NY Regulator To Conduct Cyber Security Audits And Federal Regulators Require Cyber Security Risk Assessments
New York’s Department of Financial Services (DFS) announced plans to conduct targeted cyber security audits of financial institutions regulated by the state agency following the release of a report documenting an increase in the number and intensity of cyber intrusions.
Days later, federal regulators unveiled plans for a new cyber security vulnerability and risk-mitigation assessment as well as a regulatory self-assessment of supervisory policies and processes. Highlighting key focus areas for senior management and boards of directors in community banks, the regulators indicated that they would start reviewing community banks’ ability to identify and mitigate cyber security risks as early as this summer in the information technology portion of safety and soundness examinations.
The DFS report on bank cyber security preparedness follows a survey of 154 state-regulated banks that found “most institutions experienced intrusions or attempted intrusions into their IT systems over the past three years.”
Not surprisingly, the report stated “[c]yber attacks against financial services institutions are becoming more frequent, more sophisticated, and more widespread.” It noted, however, that “[a]lthough large-scale denial-of-services attacks against major financial institutions generate the most headlines, community and regional banks, credit unions, money transmitters, and third-party service providers (such as credit card and payment processors) have experienced attempted breaches in recent years.”
Third-party processor breaches were reported by 18 percent of small institutions and 15 percent of large institutions, according to the report, with big banks also experiencing cyber threats to ATMs and mobile banking.
In addition to a rise in frequency, the “Report on Cyber Security in the Banking Sector” found an increase in the sophistication of attacks, from malware to phishing and pharming to botnets or zombies, resulting in account takeovers, identity theft, and network disruptions.
The report attributed the increases to “unfriendly nation-states” hacking U.S. systems for intelligence or intellectual property and “hacktivists” trying to make political statements, as well as those just trying to make some money, like organized crime groups or other criminals.
“As the cost of technology decreases, the barriers to entry for cybercrime drop, making it easier and cheaper for criminals of all types to seek out new ways to perpetrate cyberfraud,” the agency wrote in the report. “A growing black market for breached data serves to encourage wrongdoers further.”

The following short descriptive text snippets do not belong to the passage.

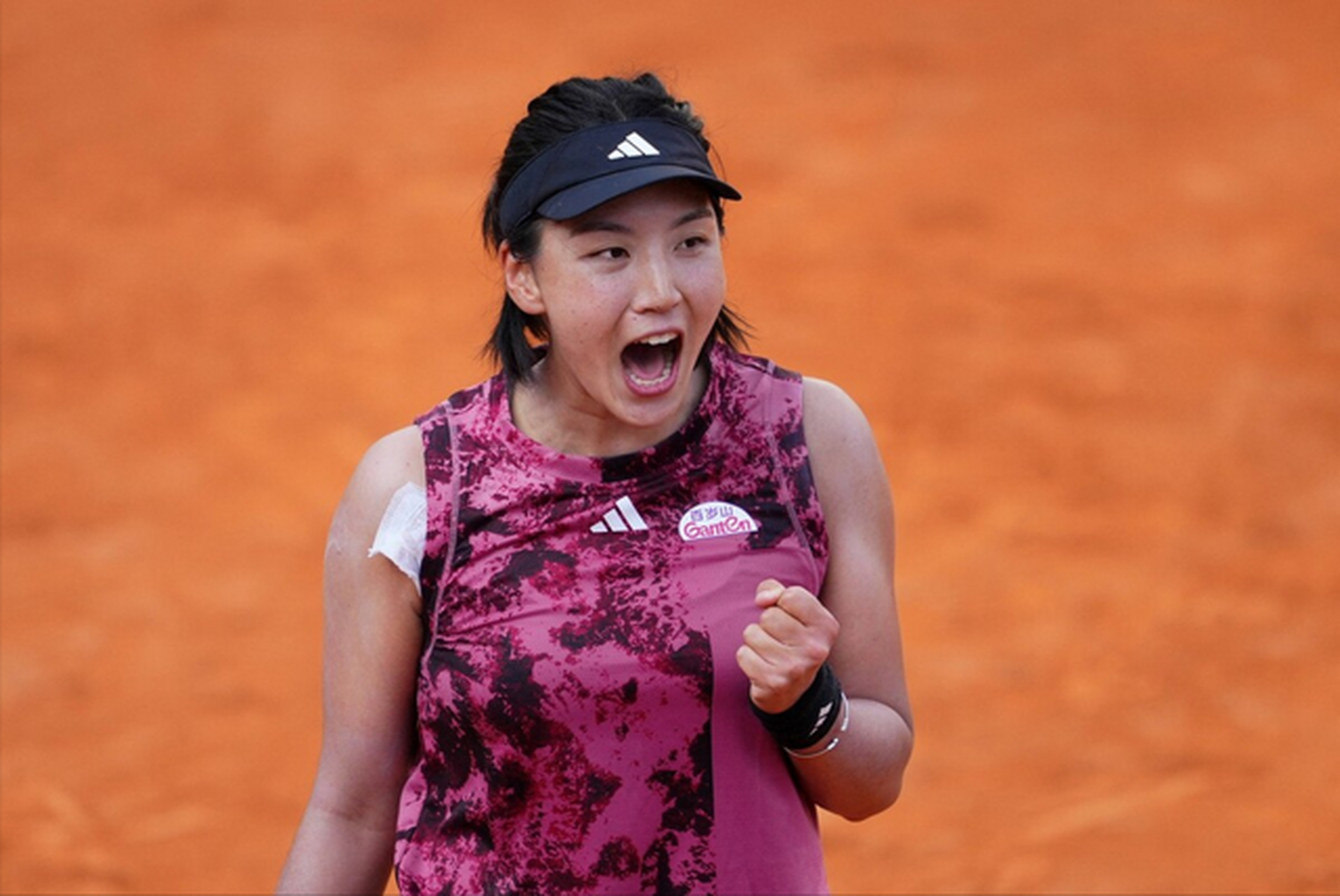 王欣瑜在红土赛季热身赛的战绩仅为0胜3负,却在法网收获首胜!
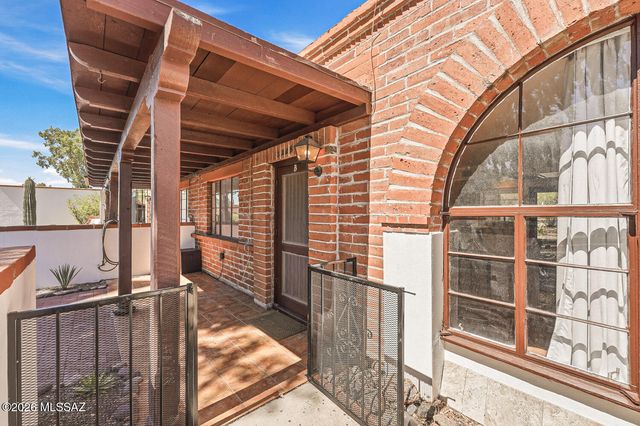 344 S Paseo Pena Apt B, Green Valley, AZ 85614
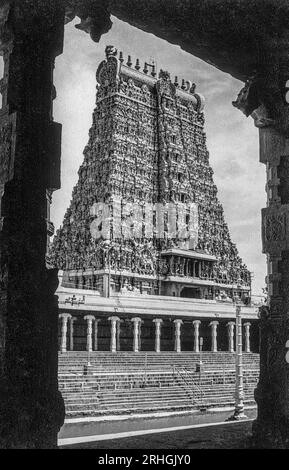 03 28 2013 Vintage Schwarz-weiß-Foto von Gopuram im Südturm Meenakshi Tempel Madurai Tamil Nadu Indien Asien. Stockfoto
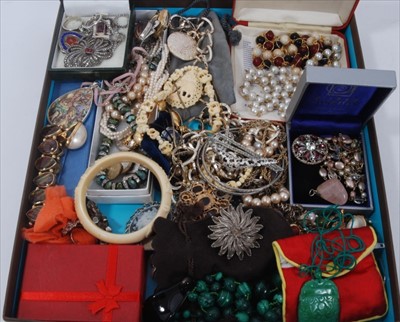Lot 264 - Costume jewellery, silver jewellery, wristwatches and bijouterie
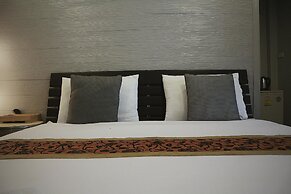 Marina Hut Guest House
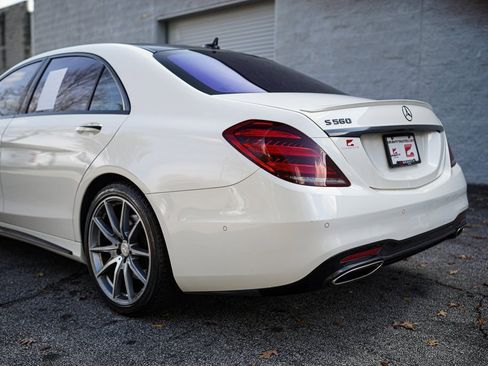 Used 2018 Mercedes-Benz S 560 Sedan w/ AMG Line Exterior image 12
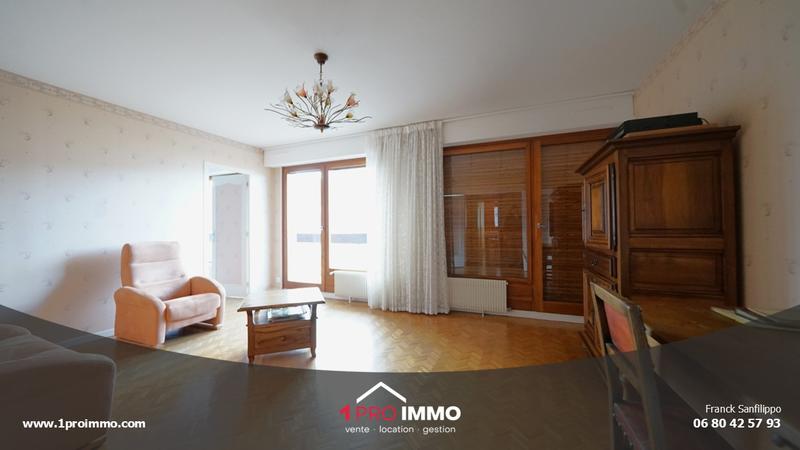 Appartement - 119 m² - 6 pièces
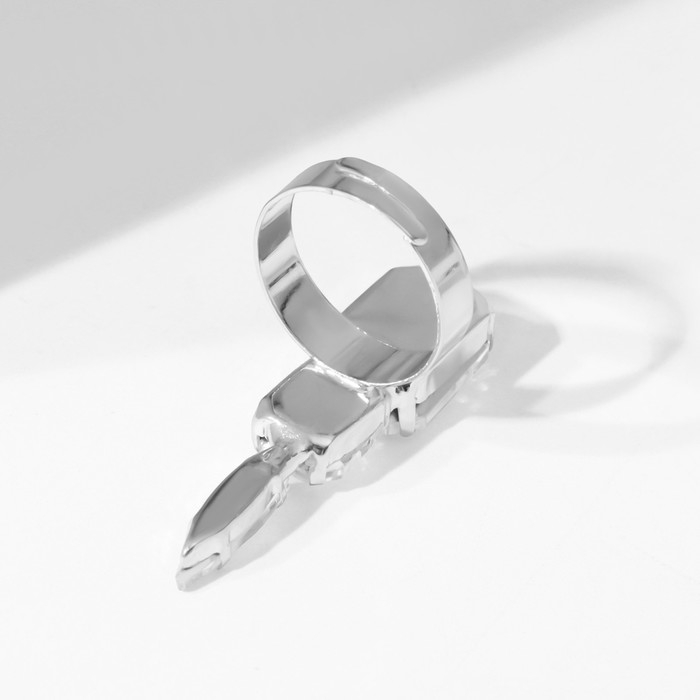 Кольцо &laquo;Ассорти&raquo; объёмный коготь, мини, цвет белый в серебре, безразмерное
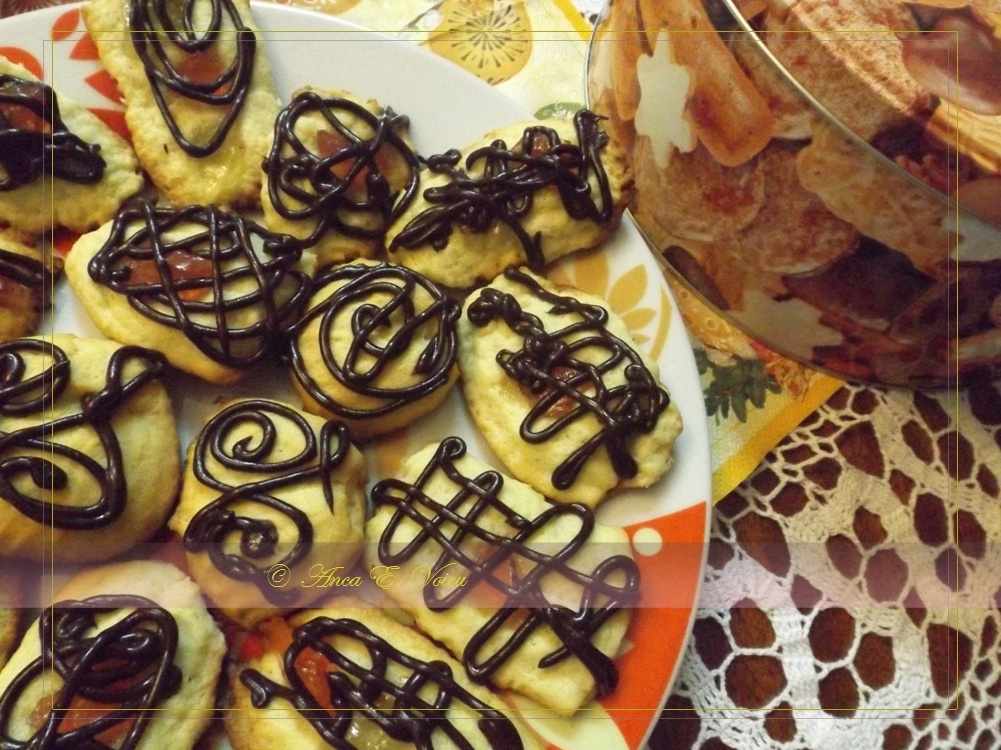 Fursecuri cu vanilie si glazura de ciocolata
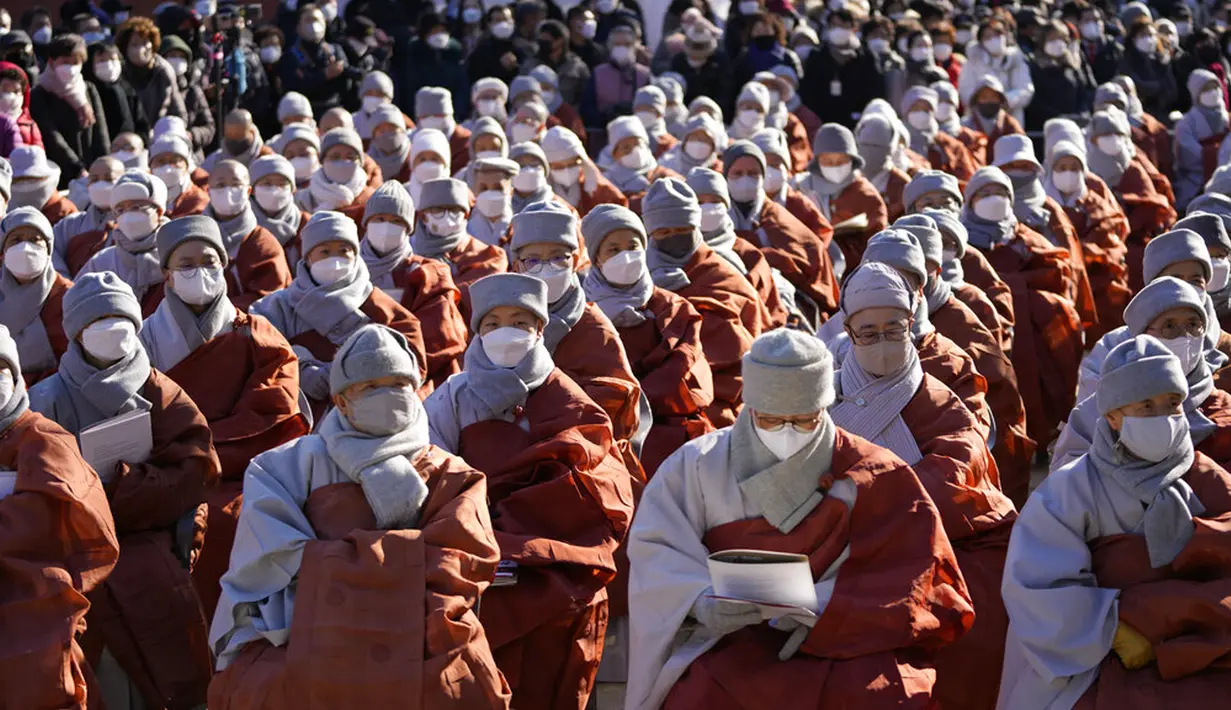 Biksu Buddha Korea Selatan berpartisipasi dalam rapat umum di Kuil Jogye, Seoul, Korea Selatan, 21 Januari 2022. Ribuan biksu Buddha berkumpul untuk memprotes dugaan diskriminasi agama oleh pemerintah Korea Selatan. (AP Photo/Lee Jin-man)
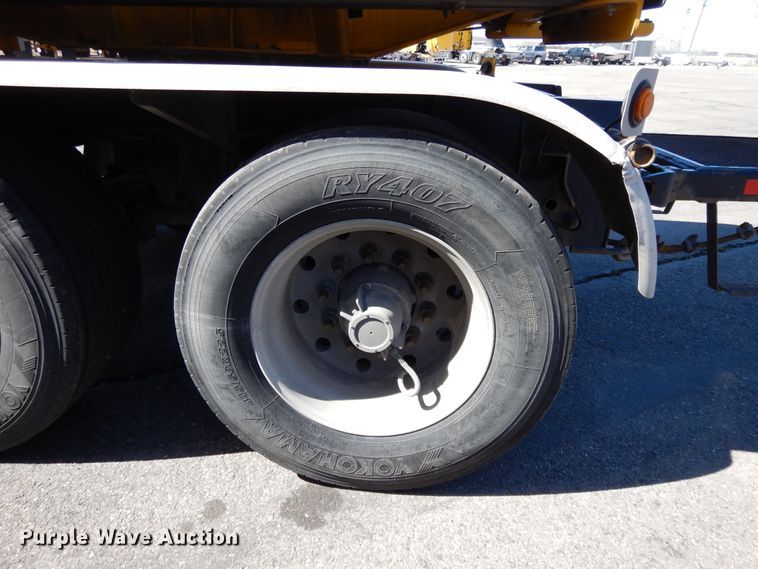 image for item GH9010 2006 Beall BATT-40-1-SB tank trailer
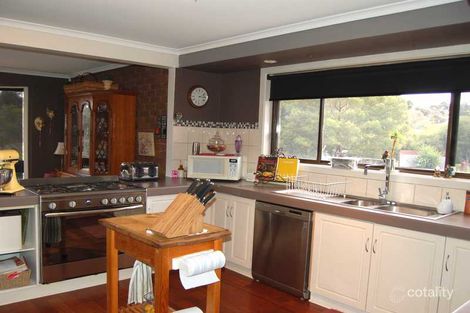 Property photo of 129A Halletts Way Darley VIC 3340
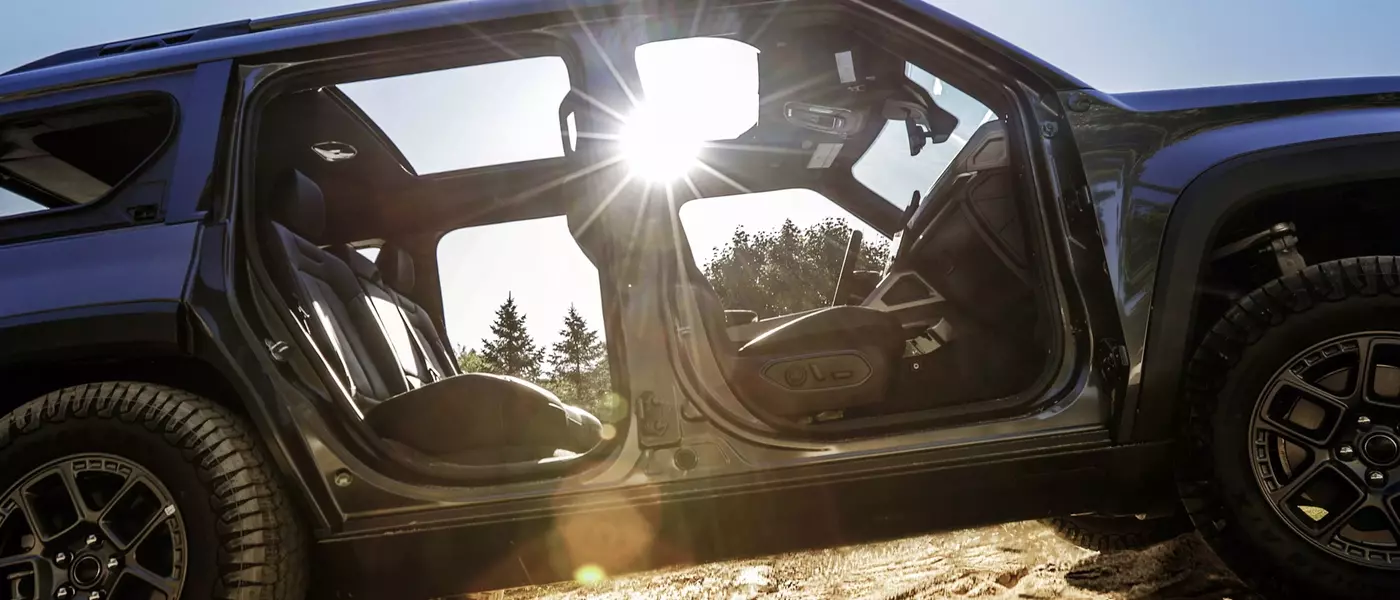 Jeep's Electric Recon: A Hidden Winch in the Frunk?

To help banks better protect themselves, DFS said it will update its bank examination procedures to conduct the cyber security reviews using additional lines of queries about IT management and governance, vendor management, access controls, network security, disaster recovery, and incident response and event management.
The revised examinations “are intended to take a holistic view of an institution’s cyber readiness and will be tailored to reflect each institution’s unique risk profile,” the report concluded. “The Department believes this approach will foster smarter, stronger cyber security programs that reflect the diversity of New York’s financial services industry.”
Additional details about timing and content regarding the reviews will be released soon, DFS promised. In the meantime, it offered a tip to all state-chartered depository institutions, suggesting that they join the Financial Services Information Sharing and Analysis Center to receive notification about cyber security and physical threats and anonymously share threats with other institutions.
“The fact that so much of our financial lives are spent online makes banks increasingly tempting targets for cyber attacks,” noted DFS Superintendent Benjamin M. Lawsky. “Hackers spend day and night trying to think up new ways to steal consumers’ personal information and disrupt our nation’s financial markets, and it’s more important than ever that we rise to meet that challenge.”
To read the report, click here. To read the FFIEC release, click here.
Why it matters: Cybersecurity clearly has become a high priority supervisory issue for financial institution regulators. The FFIEC suggested a number of areas banks should focus on to prepare for upcoming reviews of their ability to identify and mitigate cybersecurity risks. These should be reviewed carefully and the necessary steps taken to create or enhance and implement appropriate policies and procedures before the next regular or special examination.